Parasite Prevalence: What's Your Pet's Risk?

We believe that educated pet owners are the best pet owners! To better understand your veterinarian’s parasite prevention recommendations, it's important to know the risks affecting your pet(s).

Veterinary care recommendations can vary greatly from pet to pet, family to family, and location to location. While our doctors’ recommendations are customized to each individual pet and family, certain factors can help us determine a baseline for the preventative tests and treatments we feel best serve our clients and patients. For example, since it doesn't get cold enough here in the Greater New Orleans area to ever completely kill off mosquitoes and fleas, we strongly recommend all pets be on year-round heartworm and flea preventative (whether they go outdoors or not). But there are other parasites that affect ours pets, too, and different pets have different risk factors.
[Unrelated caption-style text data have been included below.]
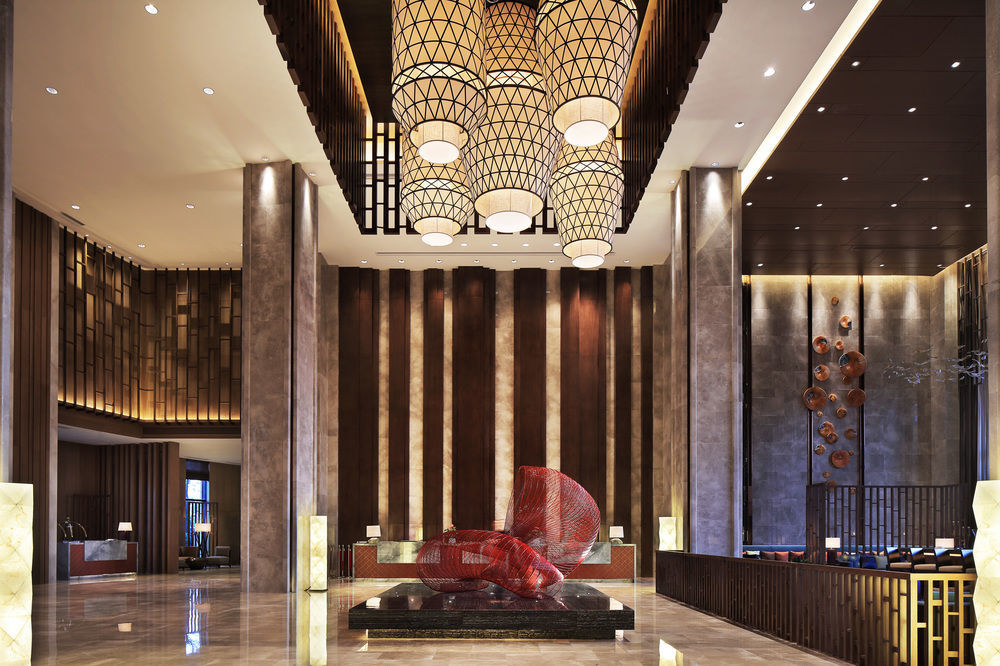 Novotel Nanchang Sunac Buitenkant foto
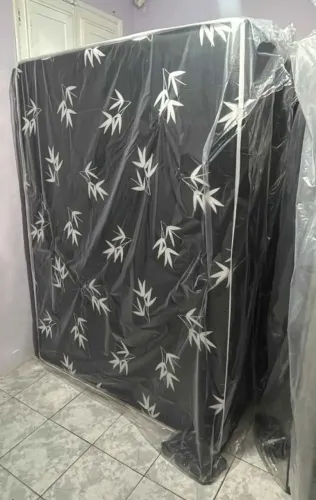 Cama casal box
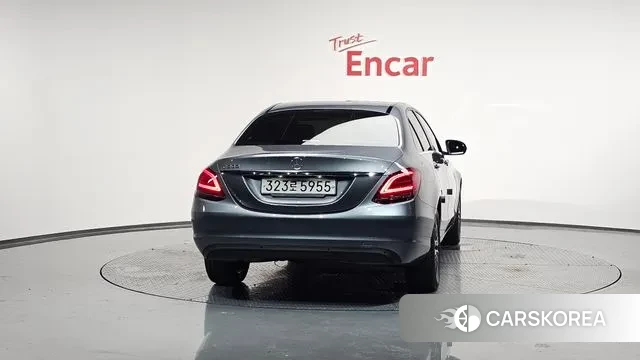 Mercedes-Benz C-Class W205 id 3045056 из Кореи 14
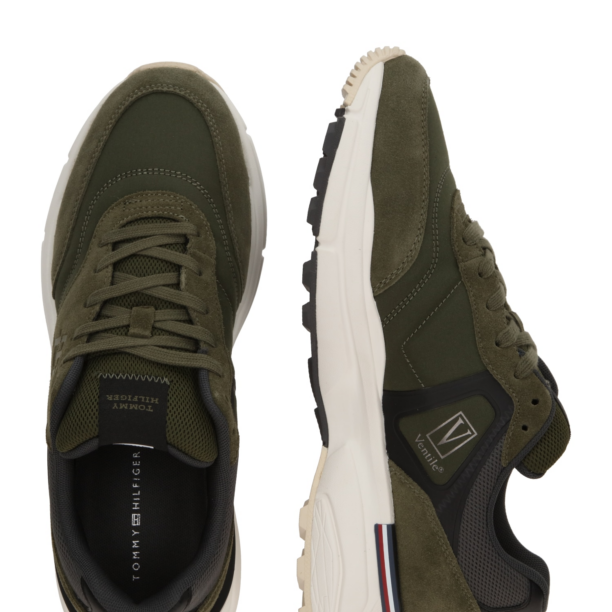 TOMMY HILFIGER Sneaker low  oliv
The Companion Animal Parasite Council (CAPC) is a great source of information that both pet owners and veterinarians can use to assess pets’ risk by showing them which parasites are present in their own backyard.

CAPC’s Pets & Parasites website features interactive parasite prevalence maps that provide timely, local infection risk data for intestinal parasites, heartworms and tick-borne diseases by state, county and species. Users can even sign up to receive monthly email updates about new cases.

When viewing the maps, is important to remember that these statistics are based on a sample of the population only. While the data serve as an indicator of the parasite activity for each area, they do not represent the total number of positive tests. Therefore, actual infection rates are estimated to be higher than the reported data.

With the help of this information, along with preventative tests and treatments, such as annual fecal and heartworm screenings, and consistent flea and internal parasite control, we can help keep our patients (and their human families!) healthy.